State of play: Beast Industries, Sony Music and Kalshi are all hiring for "viral" marketing roles.
- That is to say, these companies are looking for marketers who can hack algorithms, generate engagement and get more views, fast.
- Grabbing attention might be fueled by bot-driven strategies, rage-baiting or court jester-like gimmicks.
By the numbers: Job postings for "viral marketing" or "viral social media" are up 75% since 2023, according to Indeed data shared with Axios.
What to watch: This could create even more tension between comms and marketing teams.
- As one seeks to map out thoughtful storytelling strategies through long-form corporate podcasts or blogs, the other could feel pressure to opt for the quick high of meme-ified virality.
6. 📸 1 picture to go
Axios partnered with the communications team at Yahoo to host a happy hour for comms folks attending CES.
- More than 80 of you showed up, representing companies including Samsung, Snap, Netflix, Roku, IBM, L'Oréal, NBCUniversal, Uber, Prosek Partners, Edelman, and Weber Shandwick.
Sadly, I was home with the flu, but here's what my colleague Axios media reporter Kerry Flynn heard during the party …
- CES is finally back post-COVID — and if you have news, it is still the place to announce it.

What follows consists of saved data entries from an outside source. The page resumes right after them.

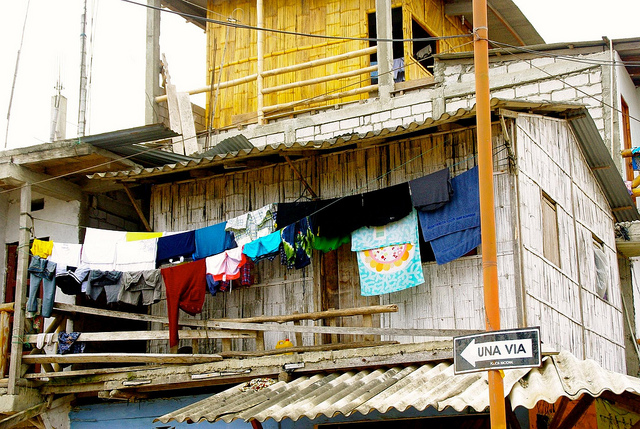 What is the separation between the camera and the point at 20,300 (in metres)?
12.7

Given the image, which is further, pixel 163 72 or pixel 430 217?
pixel 163 72

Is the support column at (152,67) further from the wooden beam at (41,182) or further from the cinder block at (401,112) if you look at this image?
the cinder block at (401,112)

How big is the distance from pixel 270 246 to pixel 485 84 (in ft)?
17.9

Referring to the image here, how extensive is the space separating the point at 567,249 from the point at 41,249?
7.96 m

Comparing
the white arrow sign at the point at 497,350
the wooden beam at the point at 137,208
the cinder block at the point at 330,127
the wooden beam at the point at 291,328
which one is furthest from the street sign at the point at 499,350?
the cinder block at the point at 330,127

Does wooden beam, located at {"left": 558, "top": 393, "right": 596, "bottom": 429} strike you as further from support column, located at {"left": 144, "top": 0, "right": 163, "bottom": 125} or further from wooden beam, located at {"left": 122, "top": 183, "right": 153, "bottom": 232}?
support column, located at {"left": 144, "top": 0, "right": 163, "bottom": 125}

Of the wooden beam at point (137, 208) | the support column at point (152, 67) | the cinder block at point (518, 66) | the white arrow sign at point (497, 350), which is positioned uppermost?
the support column at point (152, 67)

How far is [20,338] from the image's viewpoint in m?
12.6

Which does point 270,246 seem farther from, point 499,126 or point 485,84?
A: point 485,84

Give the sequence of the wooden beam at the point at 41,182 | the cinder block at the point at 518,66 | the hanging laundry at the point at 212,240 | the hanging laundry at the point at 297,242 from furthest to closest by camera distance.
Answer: the cinder block at the point at 518,66 < the wooden beam at the point at 41,182 < the hanging laundry at the point at 212,240 < the hanging laundry at the point at 297,242

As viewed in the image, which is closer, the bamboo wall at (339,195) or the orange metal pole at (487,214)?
the orange metal pole at (487,214)

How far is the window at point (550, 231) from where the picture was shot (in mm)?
11953

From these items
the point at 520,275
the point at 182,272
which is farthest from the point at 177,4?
the point at 520,275

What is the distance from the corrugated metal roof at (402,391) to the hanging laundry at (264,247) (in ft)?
5.89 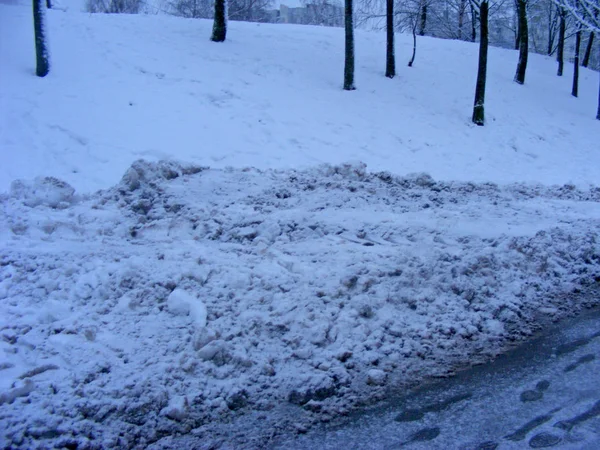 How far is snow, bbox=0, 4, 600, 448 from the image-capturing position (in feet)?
11.3

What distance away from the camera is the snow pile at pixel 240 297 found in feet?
11.0

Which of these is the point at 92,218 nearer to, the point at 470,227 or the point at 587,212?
the point at 470,227

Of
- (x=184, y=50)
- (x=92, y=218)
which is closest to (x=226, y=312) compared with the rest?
(x=92, y=218)

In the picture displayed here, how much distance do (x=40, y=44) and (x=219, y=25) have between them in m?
6.15

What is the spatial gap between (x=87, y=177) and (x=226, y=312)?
477 centimetres

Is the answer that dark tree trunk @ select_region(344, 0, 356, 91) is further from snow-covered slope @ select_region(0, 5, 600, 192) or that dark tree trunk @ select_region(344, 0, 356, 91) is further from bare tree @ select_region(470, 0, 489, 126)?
bare tree @ select_region(470, 0, 489, 126)

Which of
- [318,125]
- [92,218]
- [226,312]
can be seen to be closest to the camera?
[226,312]

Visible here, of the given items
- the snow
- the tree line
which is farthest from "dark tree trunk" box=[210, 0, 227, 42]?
the snow

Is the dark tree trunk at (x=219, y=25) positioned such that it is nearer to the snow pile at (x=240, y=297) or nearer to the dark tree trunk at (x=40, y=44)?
the dark tree trunk at (x=40, y=44)

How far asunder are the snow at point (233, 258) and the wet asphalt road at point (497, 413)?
0.56ft

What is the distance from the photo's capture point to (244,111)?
11633 millimetres

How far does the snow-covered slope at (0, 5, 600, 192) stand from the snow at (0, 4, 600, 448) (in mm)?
78

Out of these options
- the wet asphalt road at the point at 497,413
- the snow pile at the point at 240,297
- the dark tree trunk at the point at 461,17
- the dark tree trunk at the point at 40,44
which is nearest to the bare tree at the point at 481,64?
the snow pile at the point at 240,297

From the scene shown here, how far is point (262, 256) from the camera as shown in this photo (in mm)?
5180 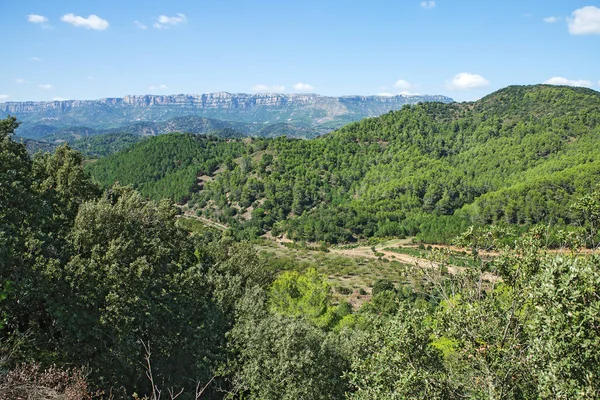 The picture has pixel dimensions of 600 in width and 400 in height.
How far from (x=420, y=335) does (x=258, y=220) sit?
407 ft

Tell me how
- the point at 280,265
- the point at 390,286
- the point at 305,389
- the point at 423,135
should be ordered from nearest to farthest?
the point at 305,389 < the point at 390,286 < the point at 280,265 < the point at 423,135

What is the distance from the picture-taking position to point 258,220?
135m

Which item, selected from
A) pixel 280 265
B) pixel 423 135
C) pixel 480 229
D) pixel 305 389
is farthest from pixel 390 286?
pixel 423 135

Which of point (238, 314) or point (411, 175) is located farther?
point (411, 175)

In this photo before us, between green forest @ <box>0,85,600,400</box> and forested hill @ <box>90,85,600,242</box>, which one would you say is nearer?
green forest @ <box>0,85,600,400</box>

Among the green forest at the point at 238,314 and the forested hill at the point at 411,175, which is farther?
the forested hill at the point at 411,175

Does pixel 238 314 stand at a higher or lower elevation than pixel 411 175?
higher

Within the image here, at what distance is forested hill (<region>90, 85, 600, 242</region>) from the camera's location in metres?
115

- Everyone is trying to tell an AI story, even if they don't have one.
- Figuring out GEO is a priority for communications teams right now, with many saying it's going to take both comms and marketing to truly capitalize on this new search channel.
What they're saying: "This year, communications will no longer be the function that simply explains the story — it will be the team that helps design it," Yahoo chief communications officer Sona Iliffe-Moon said.
- "I can see a future where comms will sit upstream of product, policy, and culture, shaping what gets built before it ever has to be communicated."